The 2002 Martin Scorsese movie Gangs of New York was mostly about the primetime of the Irish gangs who ruled lower Manhattan, and this continued for decades after the Civil War, personified by Tammany Hall-backed Big Tim Sullivan. Then wave after wave of two groups of immigrants, many settling in the Lower East Side, instigated a change: Italians and Jews. That they found a way to unite in crime instead of killing each other is a pivotal point early in the story. First, Big Tim mentored Arnold Rothstein, who in turn mentored the next generation of young, ambitious men.
According to Jeffrey Sussman in his collection Big Apple Gangsters: “Although there were gangs in New York City after the Civil War, the gangs did not become organized until Arnold Rothstein mentored four young gangsters who would help create the ‘National Crime Syndicate’: Lucky Luciano, Meyer Lansky, Frank Costello, and Ben ‘Bugsy’ Siegel.”
Rothstein was the first great Jewish gangster who paved the way for the next and most powerful generation of American mobsters. The model for Nathan Detroit in Guys and Dolls and Meyer Wolfsheim in The Great Gatsby, he had a simple motto: “Treat the sucker right, he is paying your salary.” He never smoked or drank but made millions off such vices. That he could fix the 1919 World Series was one example of his power, as was fixing the Dempsey-Tunney bout in 1926. An impeccable dresser, his idea of a lovely evening was to stroll down Broadway and savor the adulation of pedestrians. Though the godfather of the National Crime Syndicate, he never got to be in the upper echelon of it: Card-playing was his addiction, and he was murdered in 1928 for refusing to pay off a $322,000 poker debt.
Salvatore Lucania was the “father” of the Italian mob in America which spawned the five families. The chance encounter between him and Lansky as teenagers (see below) was the beginning of the strong ties between the Italian and Jewish gangs that would ultimately rule the country. Unlike many of his colleagues, Lucky Luciano was flamboyant, a beautiful dresser who enjoyed the attention of celebrities. His flash hid total ruthlessness.

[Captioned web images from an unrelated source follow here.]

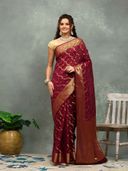 Wine color option, Sold out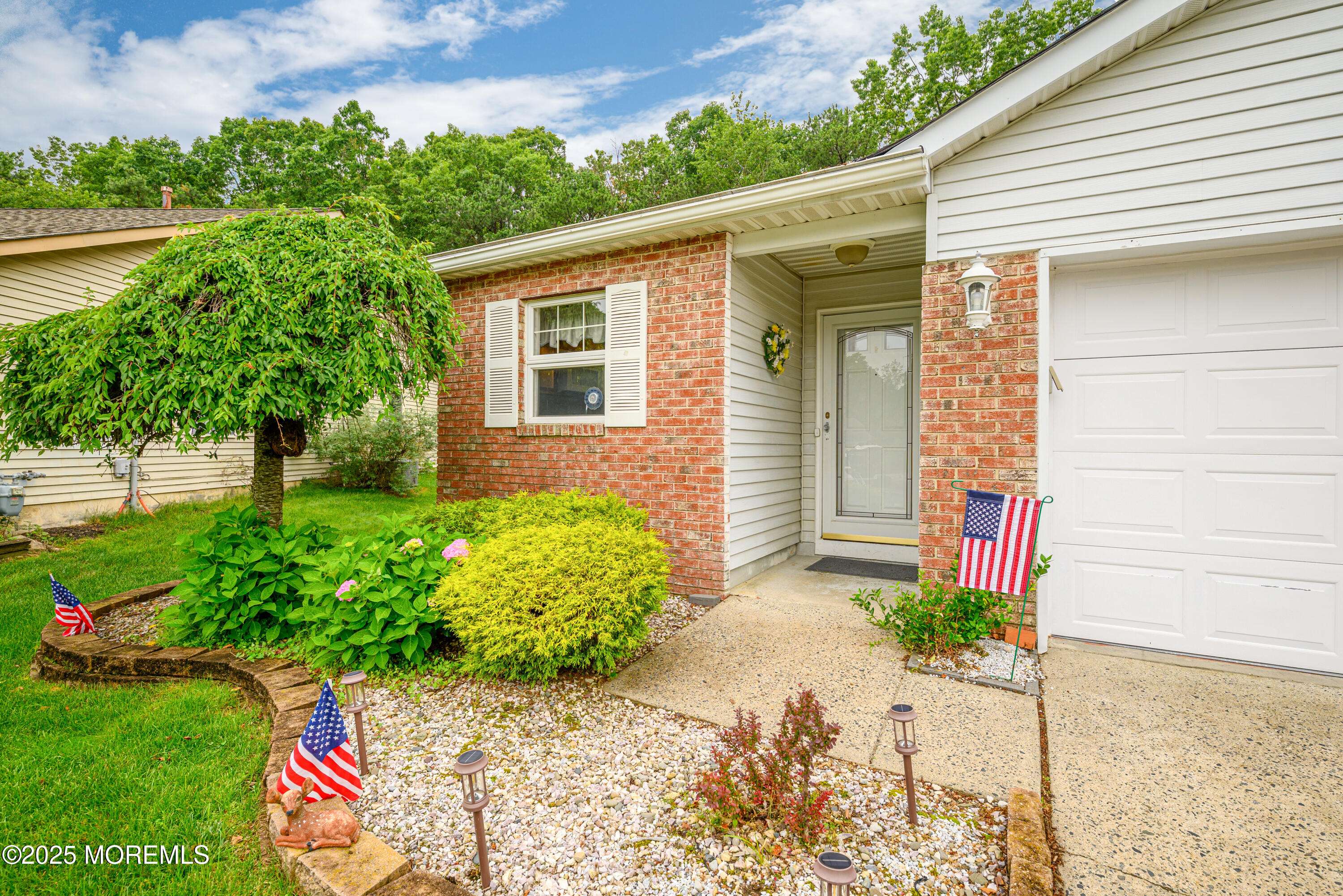 Toms River, NJ 08755,1912 Quimby Court
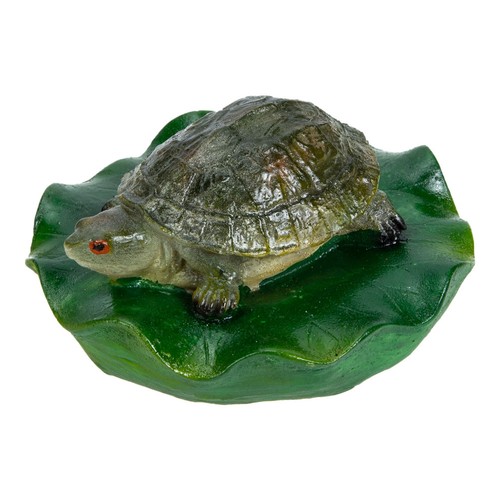 Statuina tartaruga - statuina,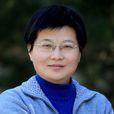 趙準(清華大學人文學院經濟學所副教授)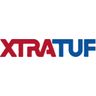Xtratuf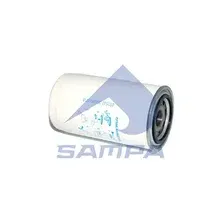 Фильтр масляный SAMPA 033.131 Volvo
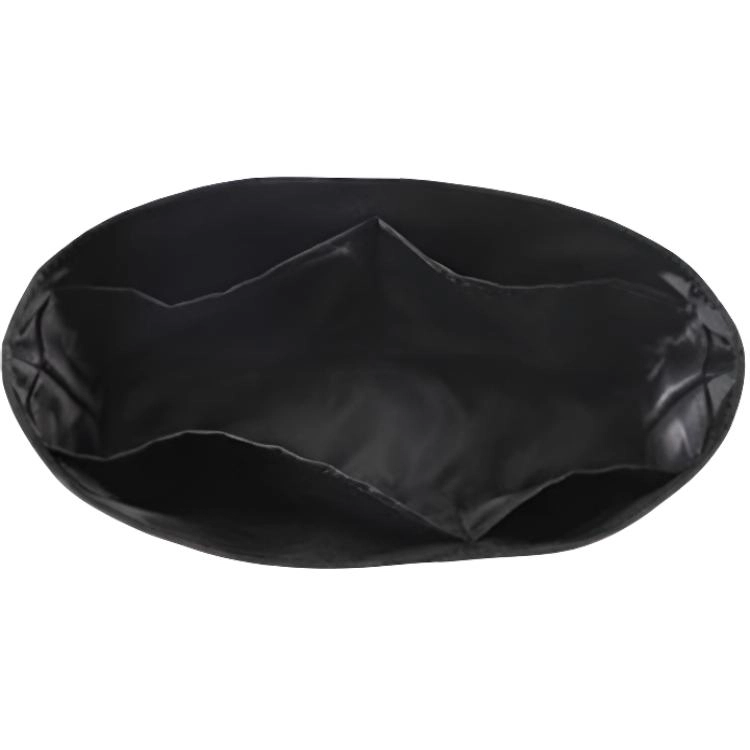 longchamp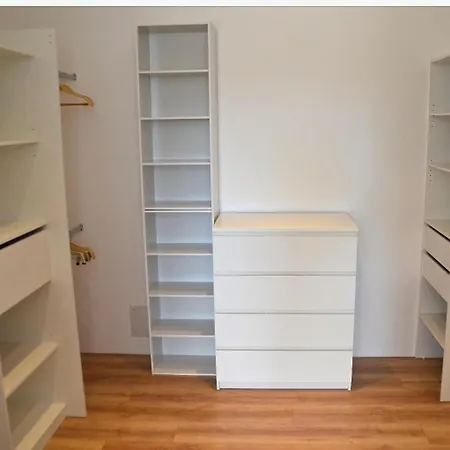 Maisondrs Porto Vecchio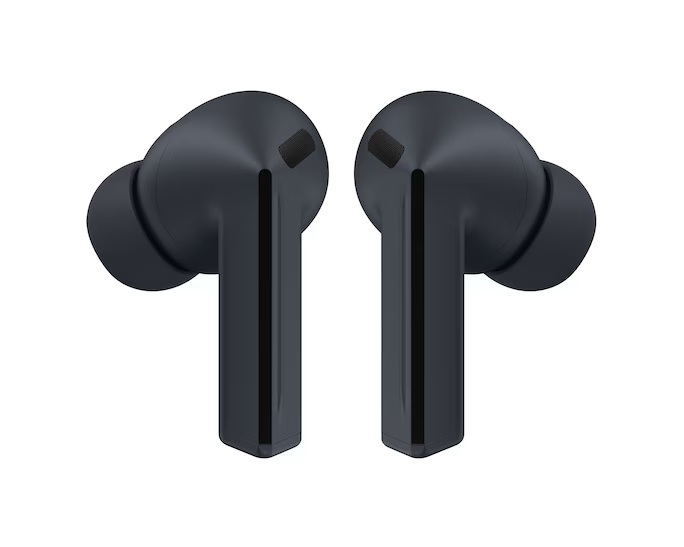 Samsung Galaxy Buds 3 FE/ ANC/ BT/ Black 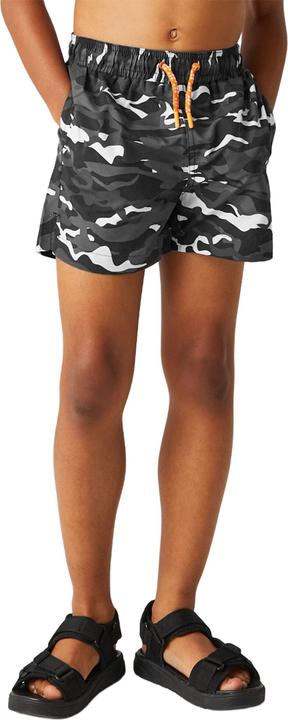 Image du produit Regatta - Short de bain SKANDER - Enfant (104)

Meyer Lansky was the lifelong leader of the Jewish mob. The career arc of him and Luciano from 1916 to 1938 is the clothesline of the overall story of the mob in America. As an adolescent he formed his first Lower East Side gang with Bugsy Siegel then teamed up with Luciano. The ultimate businessman who the FBI once caught saying, “We’re bigger than U.S. Steel,” he led the efforts to take New York crime national, though Lucky was more the front man.
Francisco Castiglia mostly was a smooth operator in the background, the ultimate fixer. He handled most of the politicians who cooperated or turned a blind eye to the National Crime Syndicate. Second to his childhood friend Lansky in the Jewish mob, Siegel was a handsome homicidal enforcer who certainly at times was crazier than a bedbug.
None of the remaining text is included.